Não se sabe para onde ruma,
e, no chão, o pé que pisa
nem mesmo realiza
que são de areia movediça
as tábuas sob este solado.

Fugir
das fugas e das mentiras.
Mas verdades são sofridas
e elas não quero ver.

Crescer,
para parar de fugir.
Crescer,
para parar de fingir.
Crescer?
Eu quero sumir.

Toma tino, criança.
Tenha esperança, menino.
Veja o caminho à frente
e siga.
Não fuja mais do sofrimento.
Não vês? - sofres mais no fingimento,
e com ele faz sofrer.

Não vês?
Fingindo, vais mais longe de si mesmo.

Siga,
mas de olhos bem abertos.
Sem fingir, fugir,
sem planos de sumir.
Vá que o caminho é certo.
Mas o que há nele
não posso prever.

Incertos somos todos,
vá certo disto.
Dúvidas são como o resto,
sinta. Mas não se deixe levar.
Vá em verdade,
melhor caminho, não há.

Tempestade

Cai a chuva
e logo é temporal.
Não tivemos tempo;
molharam as roupas do varal.

Tempestade, tempestade,
com seus raios e trovões,
faz de mim, um céu escuro,
luz e fogo com os teus clarões.

As gotas - tão pesadas -
caem como bombas.
Mísseis planejados?
Não sei.
Minha pólis devastada
já não posso responder.
Meu chão não tem fronteira
pra reter o temporal.

Alaga minhas vias,
faz correr nas minhas ruas
o mar de sofridão.
Lágrimas caídas dos olhos de lua,
maré sobre faces,
desaguou coração.

A chuva parou.
Logo secarão as roupas do varal.
Mas não secará a dor encharcada
de sangue e de lágrimas
que a tempestade trouxe ao meu céu escuridão.

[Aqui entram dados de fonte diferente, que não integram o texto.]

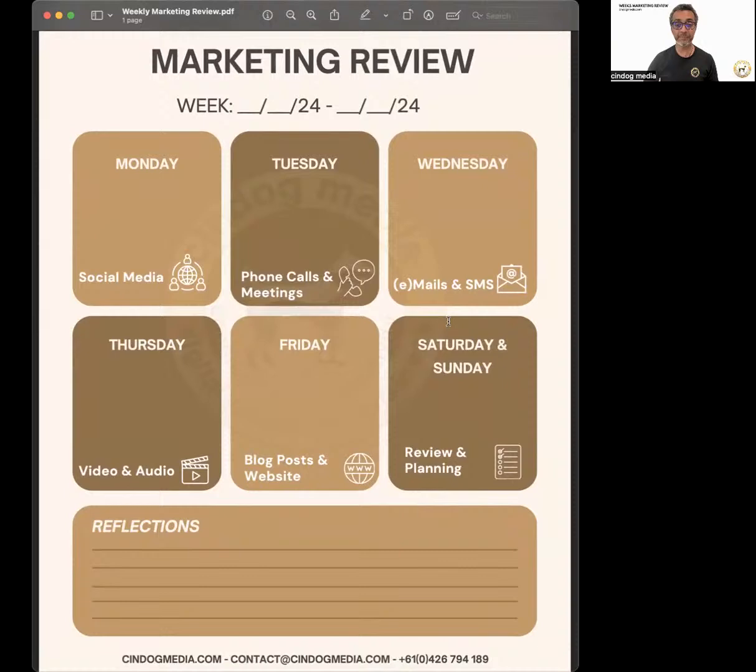For emails and SMS — did you send an email? How many people did you send an email to? SMS is more in terms of marketing follow-up, lead generation, that type of activity.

sexta-feira, 2 de abril de 2010

Noites afora

Quando chego em casa, de madrugada, abro a porta e as lágrimas caem. Parece que passo por um portal que me leva de uma dimensão à outra. Não sei dizer se é melhor a rua. Mas minha morada me prende e me liberta. Meu corpo é minha própria jaula e meu único bem. Minha chave e fechadura. Mas para que lado gira a chave para abrir a porta?
Nos meus cômodos inquietos, o chão molhado de angústias, vejo vestígios do que passou por ali: cacos de uma fotografia distorcida pelas olhos marejados; sons distorcidos pela voz embargada. Esses destroços espalhados pelo chão são o espelho de minha morada. Estou em pedaços. E se tento reuni-los percebo que não é tarefa equivalente ao jogo de quebra-cabeças. Minhas peças são disformes e não se encaixam. Não sei já se encaixaram ou se ainda se encaixarão (talvez nem dentro do caixão).
Inteiras são as minhas dúvidas, por isso vago noite adentro. E quanto volto para casa, percebo que permaneço na rua, ou melhor, me perdi num beco sem saída. É nas noites adentro que tento entender o se passa dentro de mim. É nas noites afora que me perco mais e volto para fora de onde nunca pisei.

Hoje eu

Hoje vi as cores do arco-íris
e olhei para a minha pálida tez.
Hoje ouvi os pássaros cantando
e escutei o meu silêncio abstêmio.
Hoje senti o cheiro das rosas
e inalei minha falta de odor.
Hoje bebi da água da chuva
e lambi a lágrima que chegou à minha boca.
Hoje queimou-me o sol do meio-dia
e gelou-me o frio da espinha.
Hoje mais um dia foi vivido
e com certeza não foi por mim.

Queria lhe contar tantas coisas

Queria lhe contar tantas coisas.
Mas o tempo não o há.
Não que me falte; o tempo.
Mas o tempo das coisas que quero lhe contar
ainda não ocorreu.
Esse tempo esperado, ainda não tive.
Nada posso contar-lhe.
Tenho pressa para certas coisas,
mas em pressa as coisas não saem certas.
Falta-me tempo para as certezas,
sobra-me tempo para a espera.
Queria lhe contar tantas coisas.
Mas agora o nosso tempo acabou.

Unos plurais

Unidade pluralizada;
pluralidade una.

Nós está;
a gente estamos.

Erros da língua portuguesa que nos fazem um.